Notes

2017-02-09

The φ nodes of SSA form are often defined as taking one argument per predecessor block. In both my compiler and LLVM, the data structures are based on this definition. However, with some more experience, I think it is more sensible to require φ arguments to be linked with incoming edges, not predecessors. I will give two practical examples to prove this point, but first, let me clarify the concept of edge.

In a control flow graph (CFG), I call edge a link between two basic blocks. An essential point is that edges to a block are not in one-to-one correspondence with the block's predecessors. This is because of jumps like if(%cond) goto @b else @b, where a conditional jump jumps to the same block in two (or more) cases. While such a jump may look contrived, it can result from optimizations, or even from lowering C-style switch statements where multiple cases have the same body.

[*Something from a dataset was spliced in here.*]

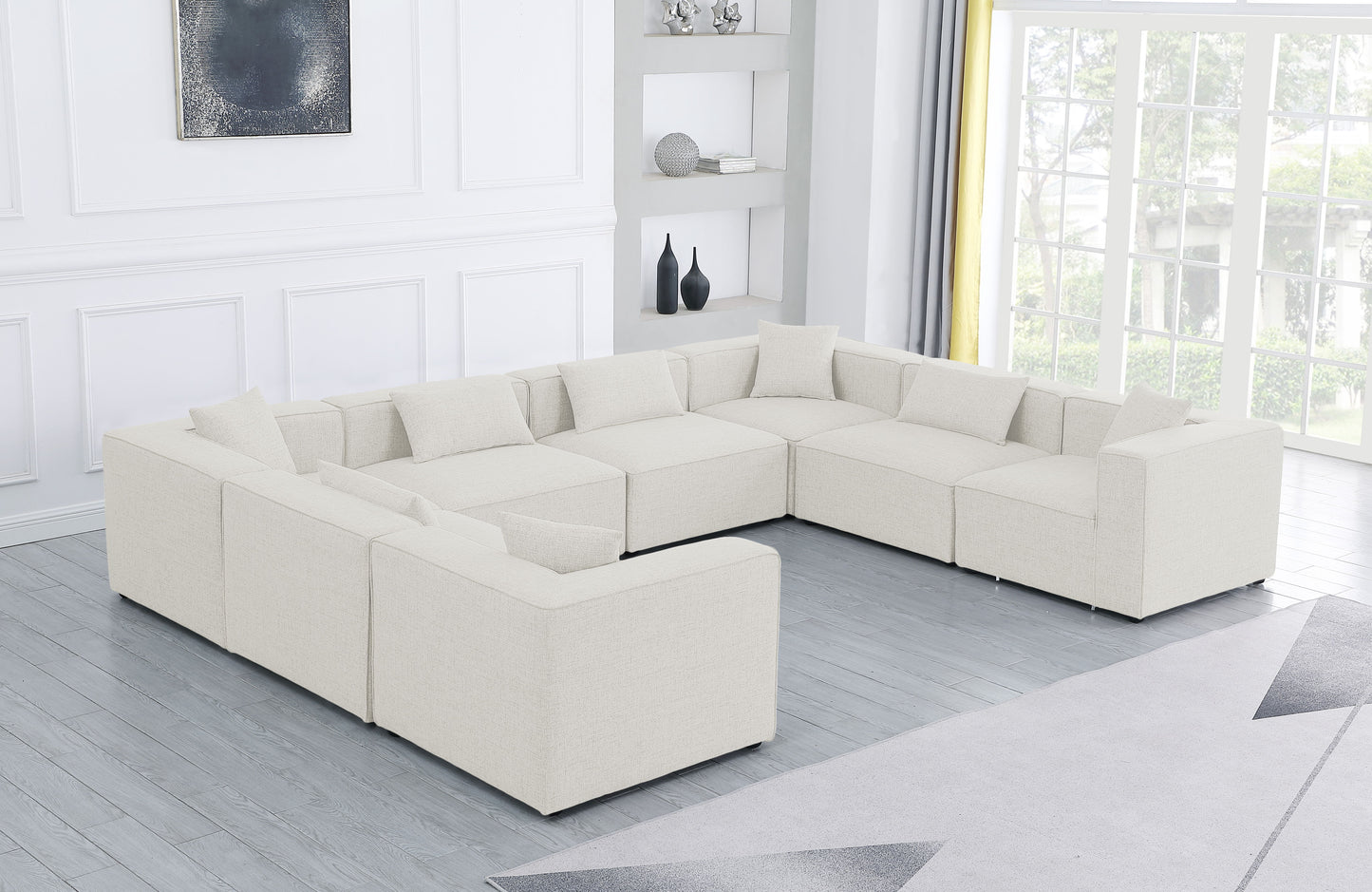 Cube - Linen 8 Piece Modular Sectional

The program below will serve to illustrate my claim.

@src
        %var = ....
        %cond = ...
        if(%cond) goto @dst else @dst
@dst
        %foo = φ(@src %var, ...)

Following the usual requirement, the φ node %foo has one argument for the @src predecessor block. Assume now that the predecessor is dead code and gets deleted by this natural deletion code.

void blockdel(Block block) {
        /* do stuff... */
        foreach succ in block.successors {
                foreach phi in succ.phis {
                        phi.remove_arg(block)
                }
        }
}

Stepping through this function reveals that the remove_arg method will erroneously be called twice. In my compiler, the second invocation caused an assertion failure. On the other hand, if φ nodes have one argument per incoming edge, the loop above is naturally changed to some correct code.

Another case where things could go wrong is in a CFG simplification pass. Such a pass will likely remove spurious empty blocks and adjust links elsewhere in consequence. But consider the following program.

@blk0
        ...
        if(%cond) goto @blk1 else @blk2
@blk1
        jmp @blk3
@blk2
        jmp @blk3
@blk3
        %foo = φ(@blk1 %v1, @blk2 %v2)

The simplification pass will remove both @blk1 and @blk2. After deleting @blk1 the block of the first φ argument will be updated to @blk0. Now if the same thing happens to the second empty block, two arguments of the φ node will bogusly end up with the same incoming block.

Solving these issues in my compiler required careful logic to handle the "multiplicity" of predecessors. However I think the edge-based design is better, and I might adopt it in the future.